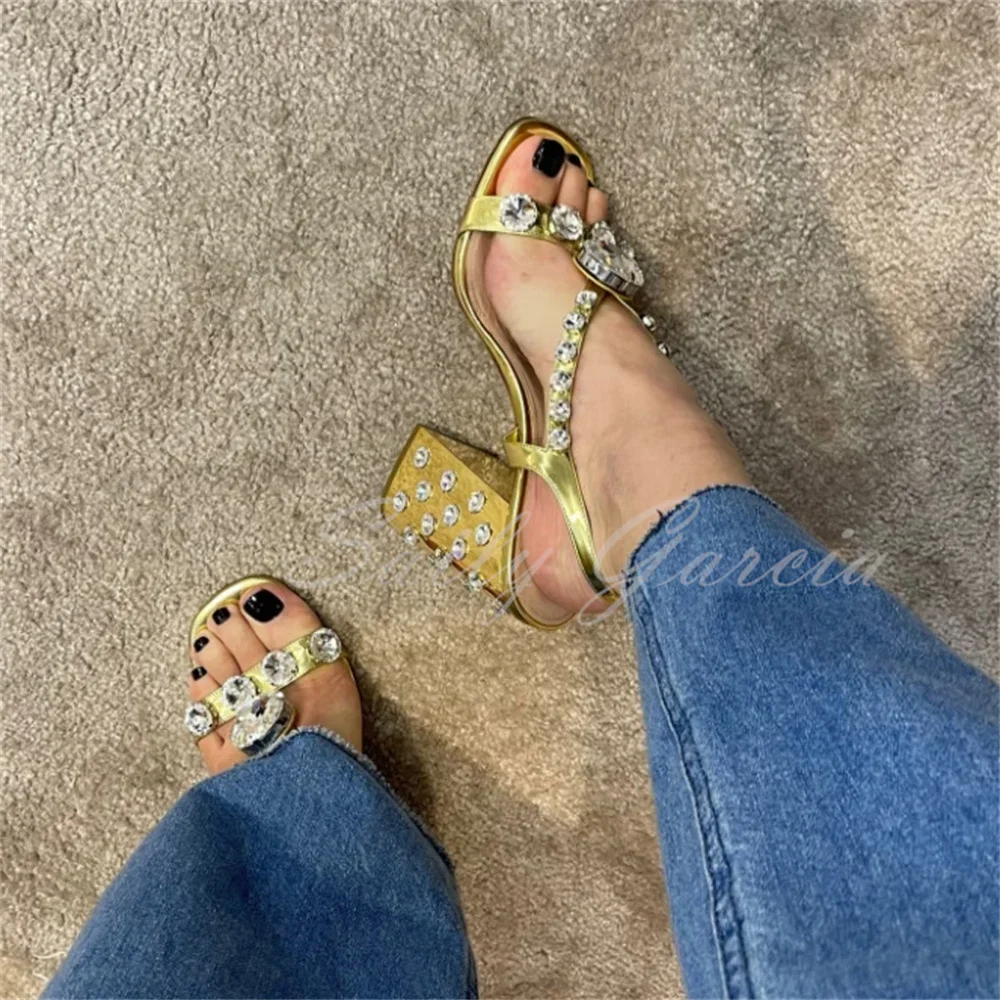 

Женские босоножки на массивном каблуке со стразами и открытым носком, дизайнерские вечерние туфли на каблуке с ремешками, золотые вечерние свадебные модельные туфли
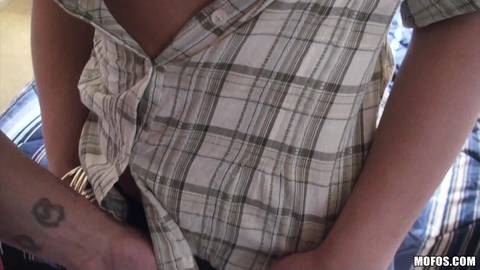 Porno perfect girls avec une cowgirl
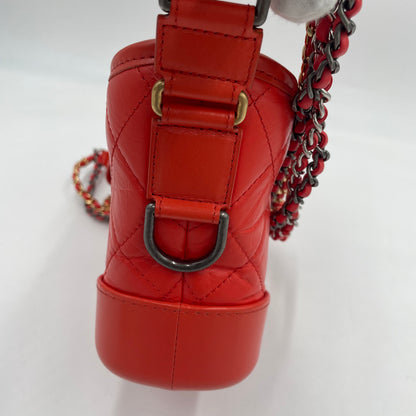 CHANEL Gabrielle Chain Shoulder Bag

==*==

TASK DETAILS: Return the complete data unchanged and include none of the pictures.

EXPECTED ANSWER:
Женские босоножки на массивном каблуке со стразами и открытым носком, дизайнерские вечерние туфли на каблуке с ремешками, золотые вечерние свадебные модельные туфли
 Porno perfect girls avec une cowgirl
 CHANEL Gabrielle Chain Shoulder Bag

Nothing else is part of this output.